The copy must match the data below line for line and contain no images.

-=-=-

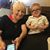 Linda Roberson Dale's profile image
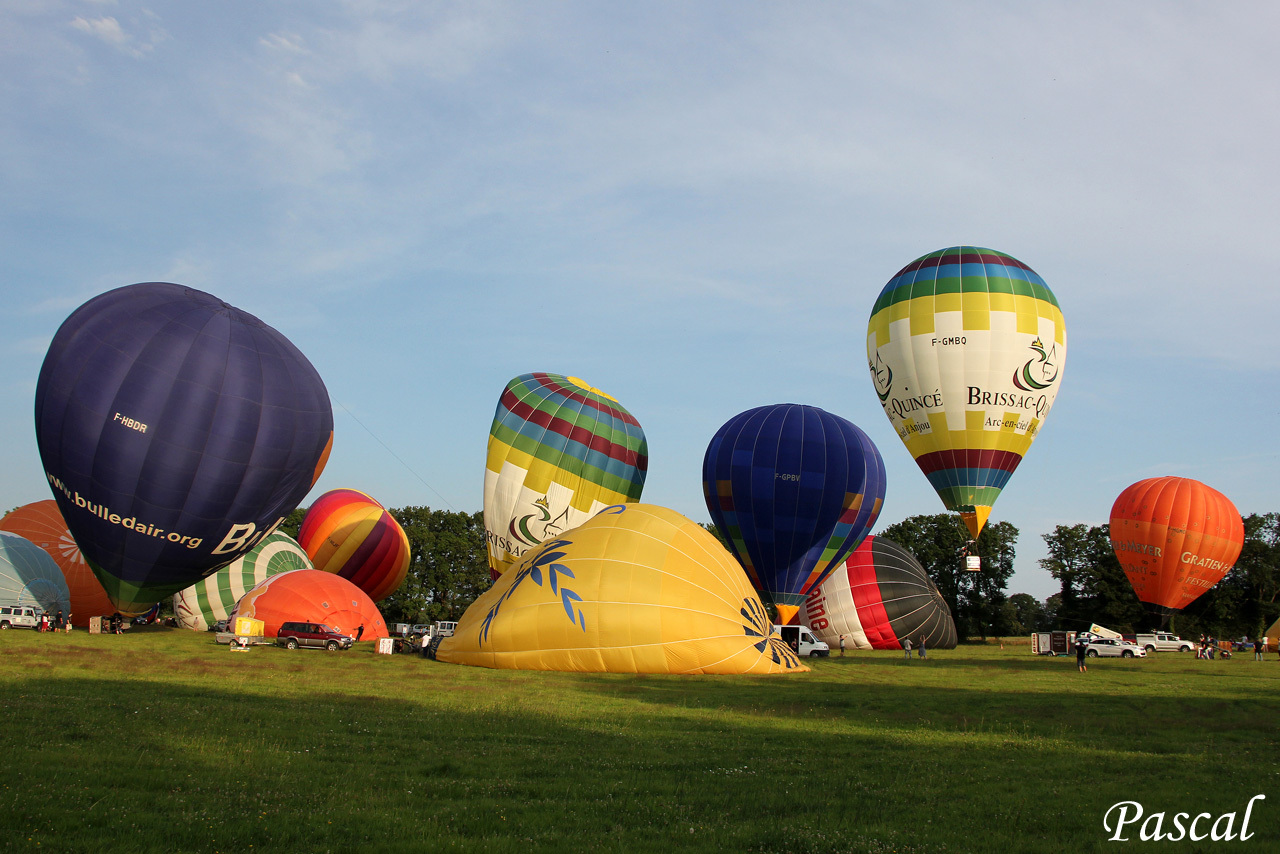 Rassemblement de montgolfières - Lohéac les 24 & 25 juin 2023 Li8a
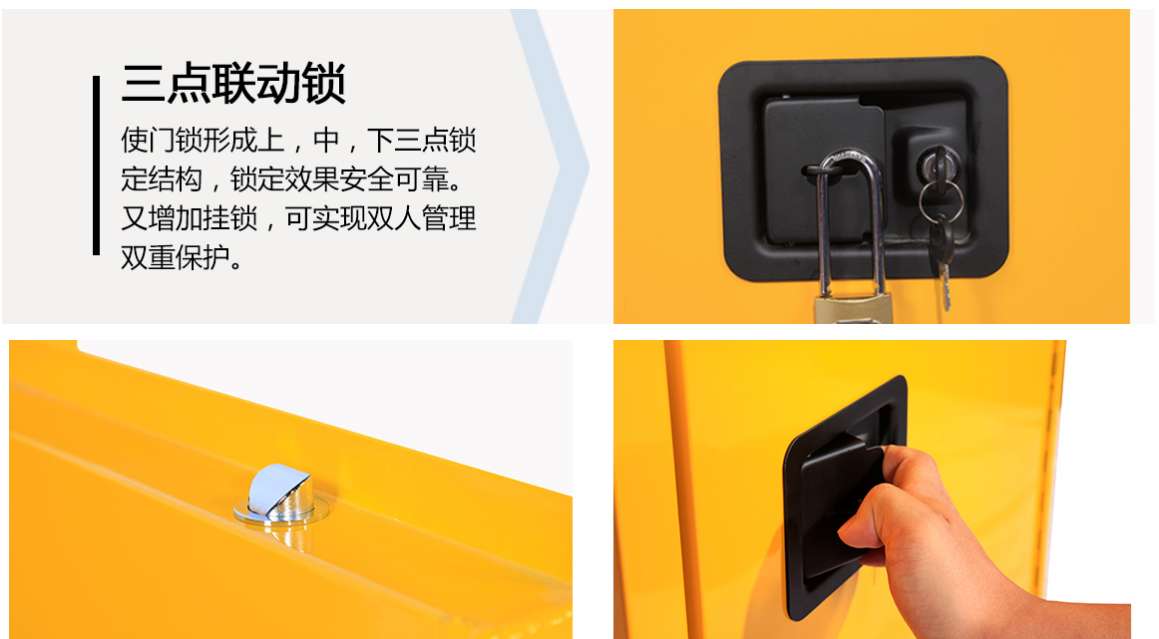 1592277898319123.jpg 123.jpg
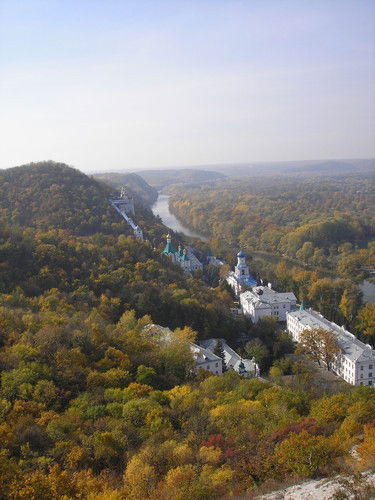 Эдуард Латыпов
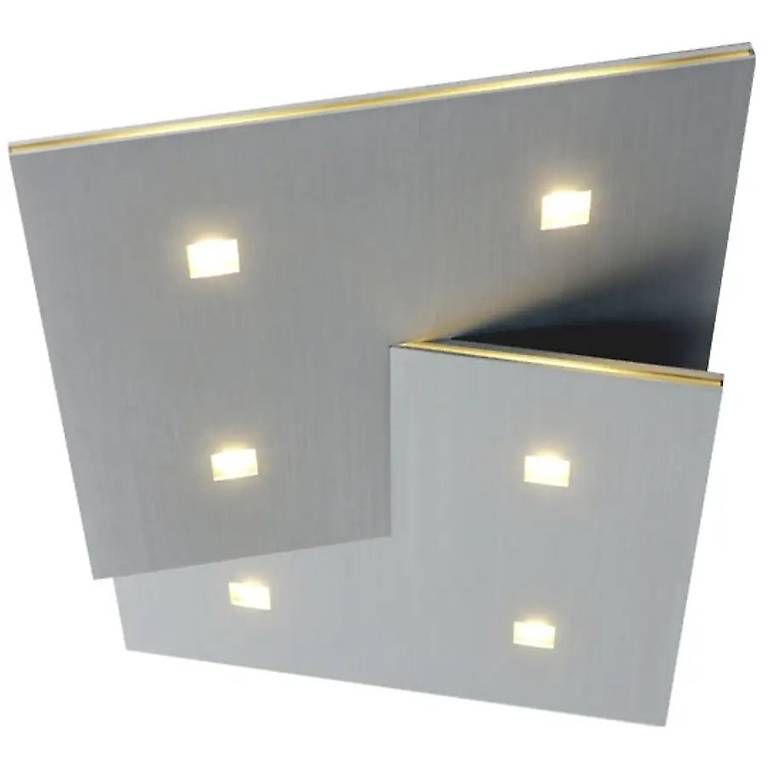 Lampadari & plafoniere: Deckenlampe Extra – Nuovo e nell'imballaggio originale da Eschenbach SG venduto da drummer92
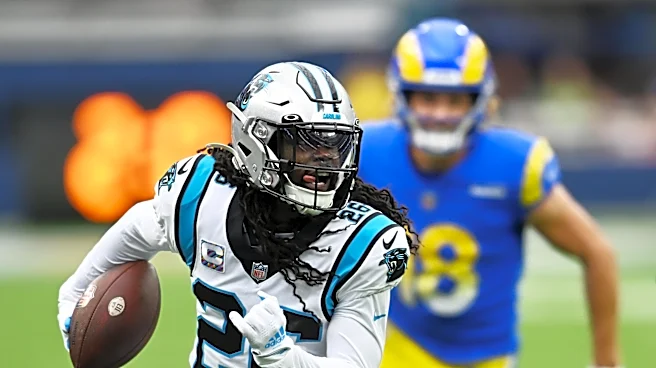 2026 Season Opener Countdown: 61 Days Remaining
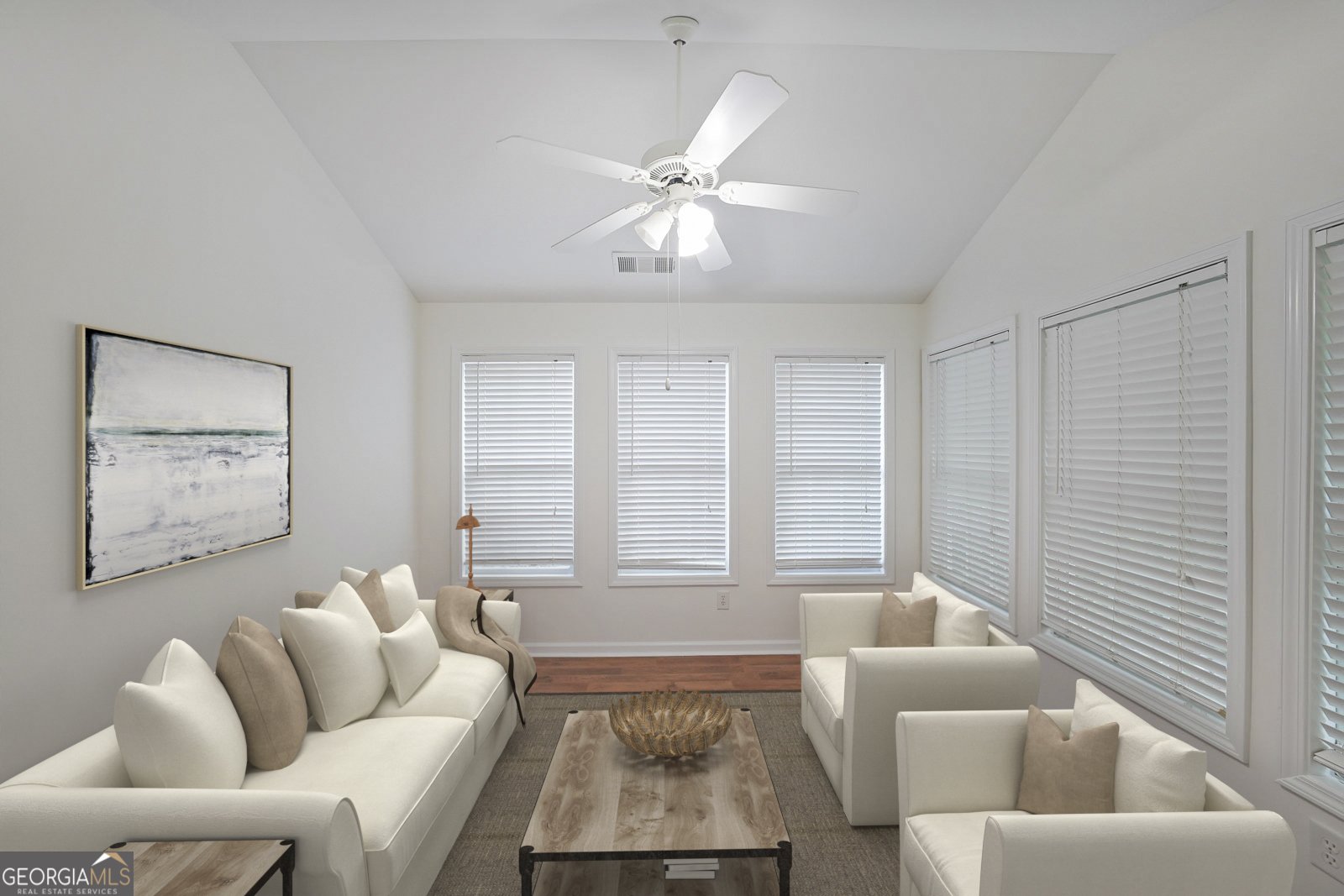 1126 Somerton Place Cumming - 11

-=-=-

* Solution to the problem
 Linda Roberson Dale's profile image
 Rassemblement de montgolfières - Lohéac les 24 & 25 juin 2023 Li8a
 1592277898319123.jpg 123.jpg
 Эдуард Латыпов
 Lampadari & plafoniere: Deckenlampe Extra – Nuovo e nell'imballaggio originale da Eschenbach SG venduto da drummer92
 2026 Season Opener Countdown: 61 Days Remaining
 1126 Somerton Place Cumming - 11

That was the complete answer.